There is a big tub of unheated water and a pitcher.
You stand on the marble floor and pour water over
yourself. You never get into the tub, that would be
extremely rude. If you used this system in Dunedin you
would have to break the ice on top first, but in a
country with warm weather all year round having
unheated water is both energy-efficient and
refreshing. There is no toilet paper. You use water
and your left hand. I think this is actually more
hygienic than what we do, and it gives me a new
appreciation of why they eat, pass things and hold the
Quran with their right hand.
my first speaking appointment in a Mosque
[Tulungagung, Java]
Waladi and I were in a Muslim girls’ senior high
school (form 5-7) in Tulungagung promoting his new
Communicative English School. We walk into the school
Mosque to make our presentation and I find myself
faced with two hundred teenage girls in headscarves
literally screaming as if Tom Cruise had just entered
the room. They whisper and giggle during the
presentation. When it is my turn to speak, another
round of screaming and, once I have finished talking
about Waladi’s wonderful English, they get to practice
their English with me. “Excuse me, Mr David, do you
have a special someone?” “What do you think about the
Indonesian girls?” “Sir, you have a very beautiful
smile.” They wave to me as I disappear on the back of
Waladi’s motorbike. There is nothing austere or
lifeless about these girls, whose eyes shine inside
their headscarves.
church hospitality [Gadingan, Solo City, Java]

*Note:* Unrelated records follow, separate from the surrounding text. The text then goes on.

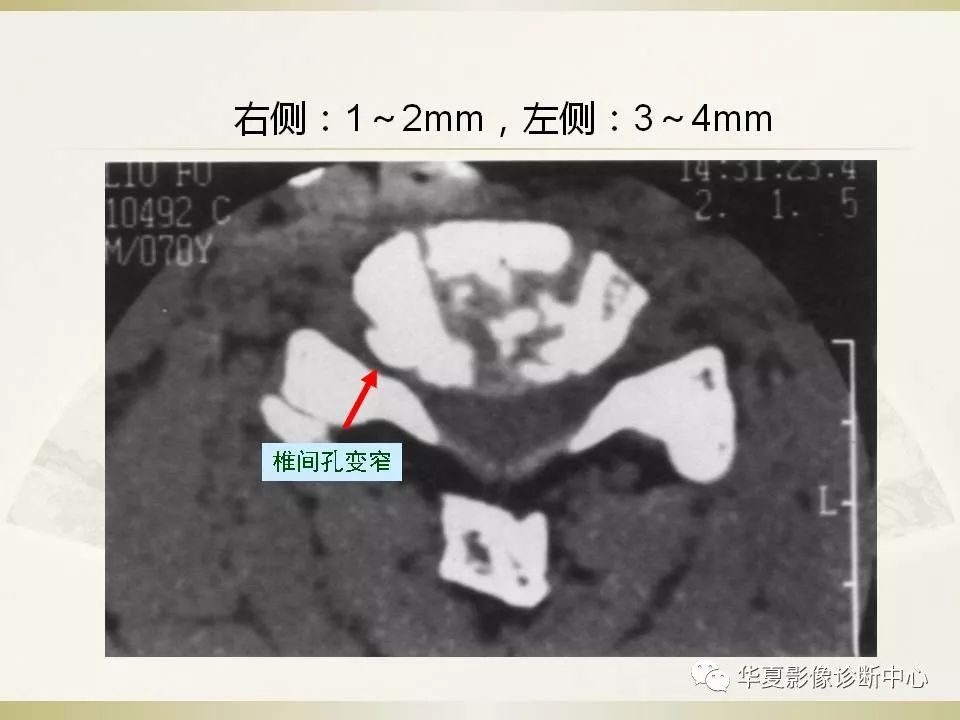 影像PPT - 【PPT】颈椎病影像诊断及临床分型-46
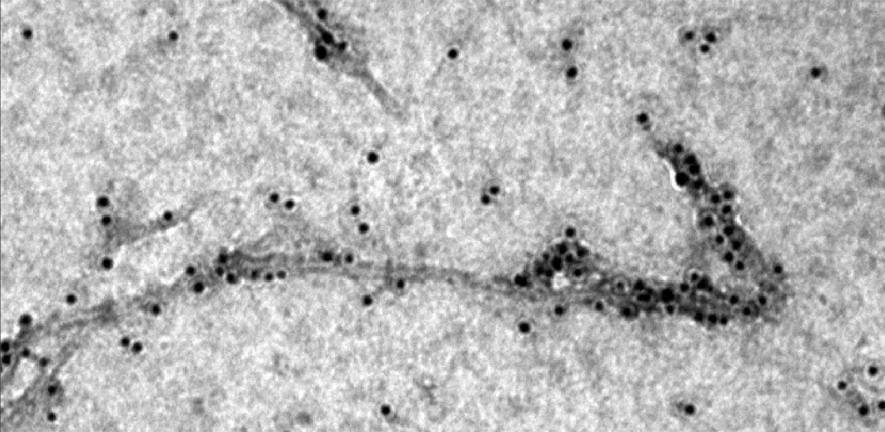 Transmission electron microscopy image showing a molecular chaperone (the black dots) binding to thread-like amyloid-beta (Aβ42)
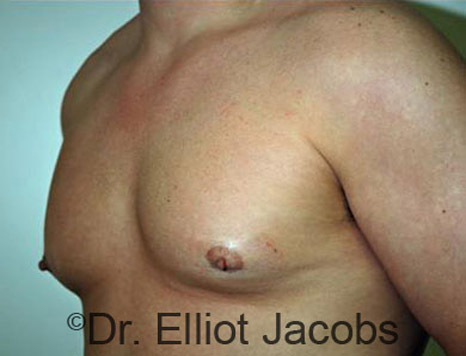 Men's breast, before Gynecomastia treatment in Bodybuilders, oblique view - patient 7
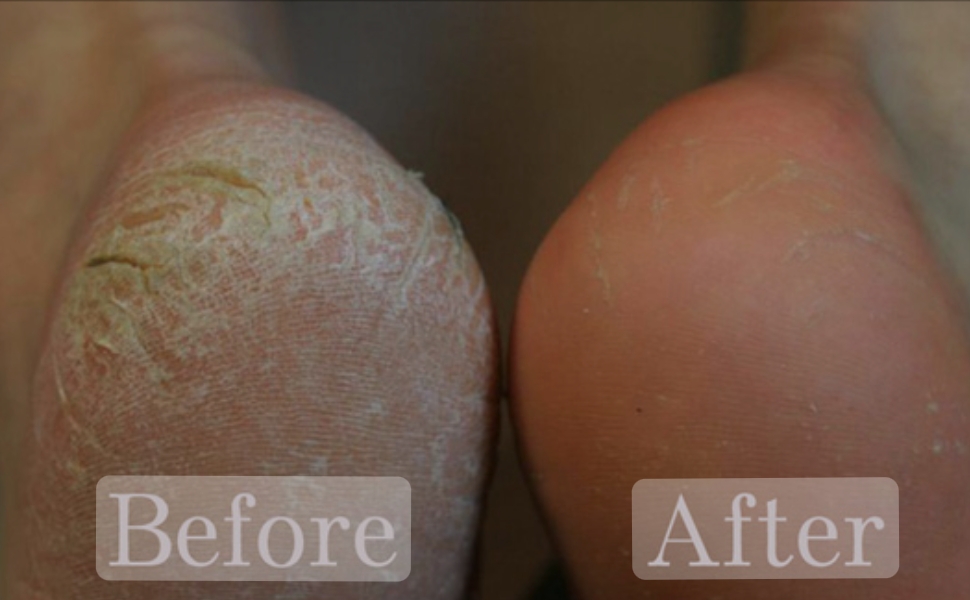 Callus treatment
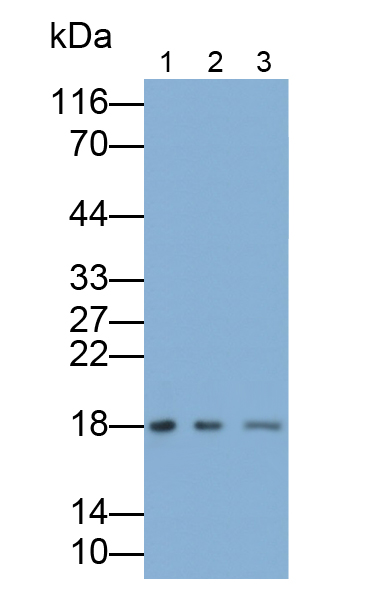 真核翻译延伸因子1ε1(EEF1e1)多克隆抗体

I have been in the economy class bus for nearly five
hours; there is no air conditioning, no white people,
very limited English and a baby is vomiting up the
front. They cover it up with some sand from the side
of the road and keep driving. Then I get to the bus
station in Solo and find Pastor Fera, a bubbly woman
maybe in her thirties, and Alin and Iin, girls who
look about 14 but are nearly as old as me. They usher
me into the BMW they have borrowed for my visit. They
take me to the train station where they buy me an
executive class ticket for my return to Tulungagung
and refuse to let me pay for it. They take me to the
supermarket and insist that I decide what I want for
dinner.
Iin has given up her room for me but never mentions
it. I know that it would be pointless to tell them I
don’t mind sleeping on the floor. On Sunday night my
train is scheduled to leave at 1.30am, but Fera and
eight of the young leaders in the church stay up and
come to see me off. They have a 4am prayer meeting in
the morning. I insist that I can get on the train by
myself and that they need their sleep, but they won’t
leave until I do. The train is delayed and nine of
them sit with me in the train station from midnight
until 3.30am. They are happy just to be there with me,
which is very humbling. The train leaves in time for
them to get back to Gadingan for prayer, without
sleeping all night.
They text me, thanking me so much for coming. One of
them sent me this: “Thanks 4 all, God bless you
everything that you do, success always be with you,
please don’t say goodbye I’ll always love you and pray
for you.” Not in the romantic sense (I don’t think!)
They are very special people.
faith [Gadingan, Solo City, Java]
The church there is not in a comfortable place. The
leaders of the terrorist group responsible for the
bombings of Bali nightclubs and the Australian embassy
are from Solo. I pray with some women, ex-Muslims, who
have recently been baptised. They are facing strong
opposition from their families for their conversion. A
whole family who had practiced a combination of Islam
and Javanese spirit-worship came to Christ when
members of the church prayed for their paralysed
child, who was completely healed.
Pastor Fera asks me to speak at the Saturday night
youth service, the 5.30am Sunday service and the
Sunday night leaders’ meeting. I have virtually no
time to prepare. “That’s ok”, she says, “the Holy
Spirit is in charge of our services here.” Their
complete and joyful trust in God in difficult
circumstances was inspiring and humbling. They are not
proud, religious or overly pious, they just radiate
God’s love in a very natural way.
Eka [Igun’s niece, Tulungagung, Java]
Eka is reading me her homework at Waladi’s English
school, where I have been doing some teaching. One of
the questions is about how she celebrates Mothers’ Day
and Fathers’ Day. She doesn’t specifically, because
it’s not a Muslim festival, but she reads out, in
remarkably good English, that we should honour and
pray for out parents every day. The faith and
integrity of this Muslim teenager challenged and in
some ways inspired me. The way she lives would be a
positive example for many Western Christians. She is
very intelligent and would like to go to university,
but doesn’t know whether her parents can afford it.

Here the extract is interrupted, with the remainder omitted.